Things That Service Businesses Should Know About Their Customers…

… And How to Remember Every Detail

If you have ever walked to a restaurant table and found your customary iced tea already at your favorite table, awaiting your first sip, then you know the magic of being a VIP. Even customers in line at a cash register appreciate seeing a gleam of recognition and a few friendly words during checkout. But, customers who order custom products or services need more to feel like VIPs. Even if you already provide high-quality products or services, customers who feel known and valued are the ones who keep coming back.

No matter how many marketing materials you create or social media accounts you set up, you will find that developing a true relationship with customers creates loyalty. If you want repeat business (and some referrals along the way), here are some tips to help you learn — and remember — more about your customers.

Service Businesses Need to Form Solid Customer Relationships

The relationship between service businesses and their customers is a collaborative one. Maybe you work over a long term to provide accounting services. Perhaps you must go through extensive back-and-forth reviews to develop custom software that meets customer expectations. Or, you might just need customer input to choose colors for their widget order. As long as your interaction is more than a cash register checkout, you must work closely with them.

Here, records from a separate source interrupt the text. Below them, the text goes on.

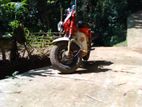 Honda Chaly 1991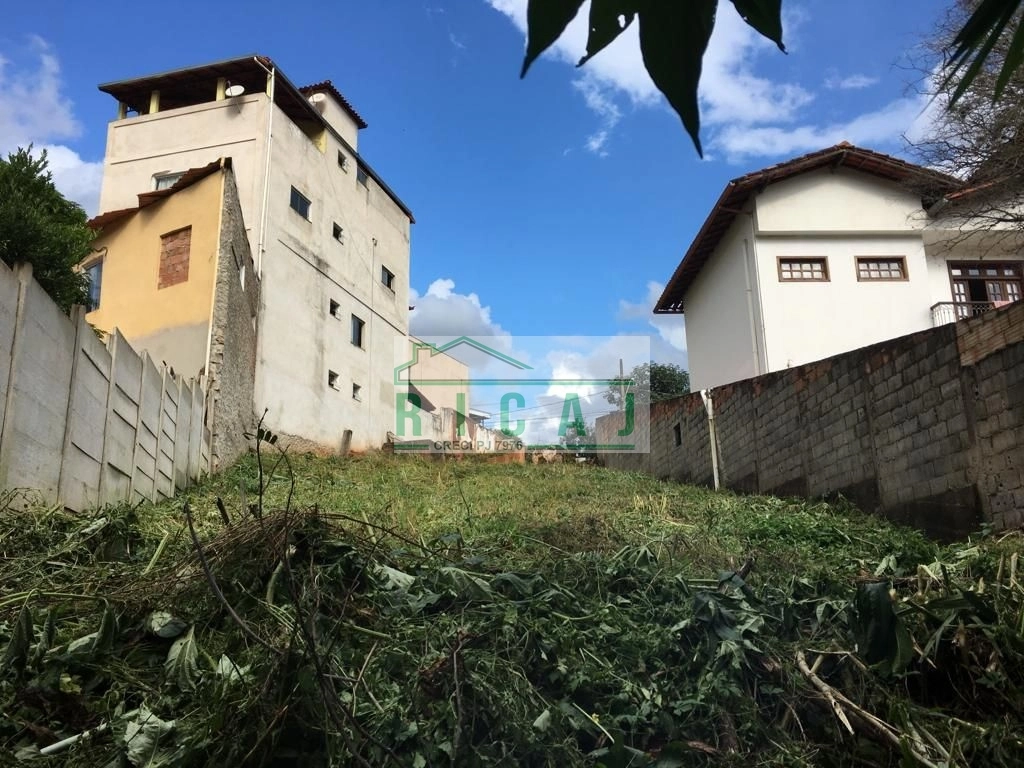 Terreno à venda por R$ 350.000,00 - Centro - Sabará/MG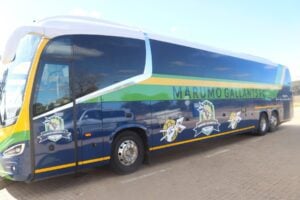 Marumo Gallants rope in a former Richards Bay coach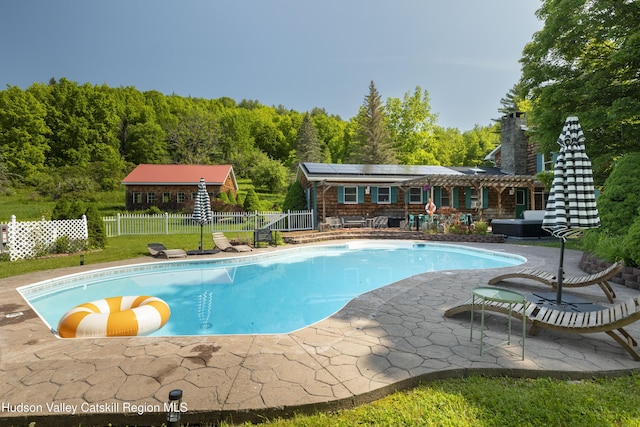 89 Cartwright Rd, Prattsville, NY 12468 - photo 30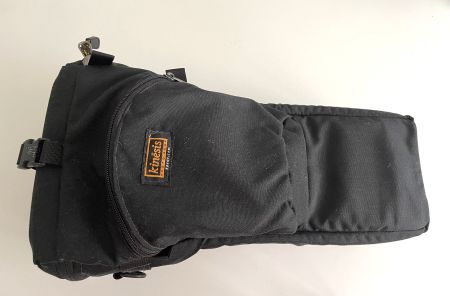 Kinesis C850 X-Large Holster-Case Kameratasche – Top Zustand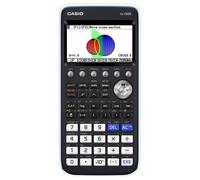 Casio fx-cg50 calculadora bolsillo calculadora gráfica negro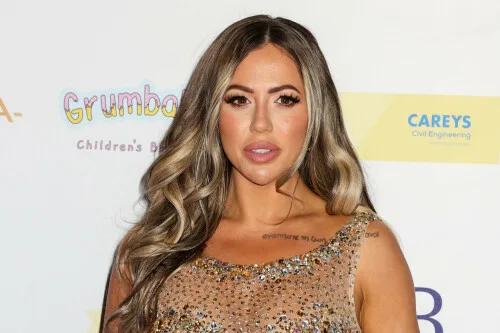 Holly Hagan Reveals Miscarriage and IVF Heartbreak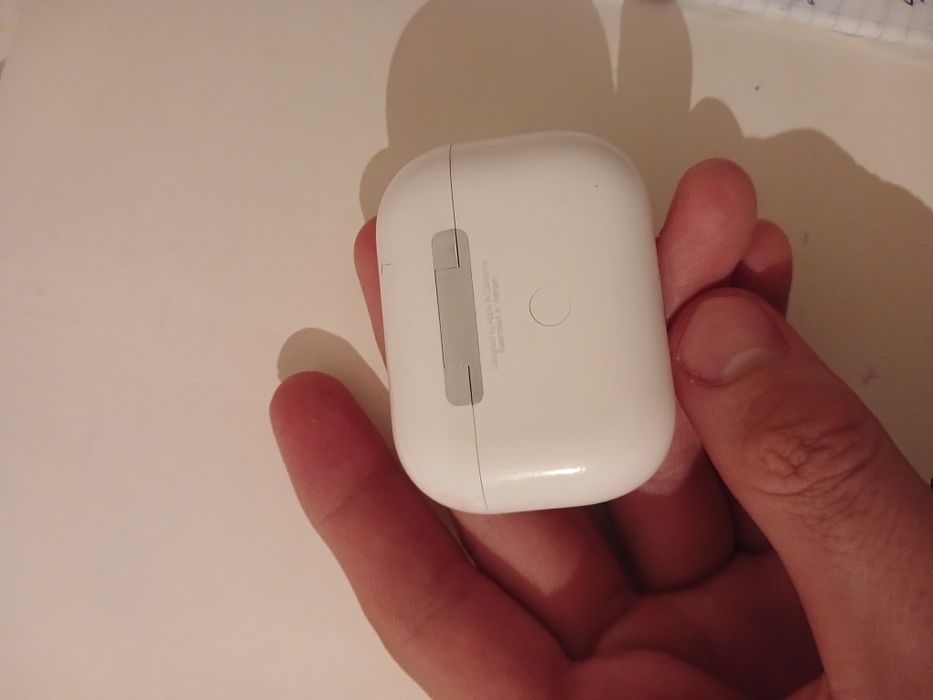 AirPods 3 жағдайы жақсы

Naturally, a stellar working relationship is vital; but, a great personal relationship will help you collaborate more effectively while helping to  ensure more business in the future.

When You Know Details About Customers, You Become a Friend

If you think about the relationship between you and your team, you know that friendship and camaraderie are important keys to your company’s success. Working together is more than just business talk; it’s about caring friendship. When you have a genuine interest in each other and share a laugh or two, you work together as a well-oiled machine.

Collaborative relationships with customers are no different, and they offer plenty of opportunities for personal knowledge, such as the following:

  • Product/service preferences: Of course, you need the ability to remember the specifics of your customers’ orders from one transaction to the next. You certainly don’t want to require them to repeat the obvious.
  • Important dates: Customers often place orders on a regularly-scheduled basis. Rather than hoping that they’ll call next year when they need new annual reports, you need an automatic reminder system that provides you with enough lead time to start the next job (and prevent them from trying out a new vendor). Similarly, discount offerings on your anniversary with customers show that you care.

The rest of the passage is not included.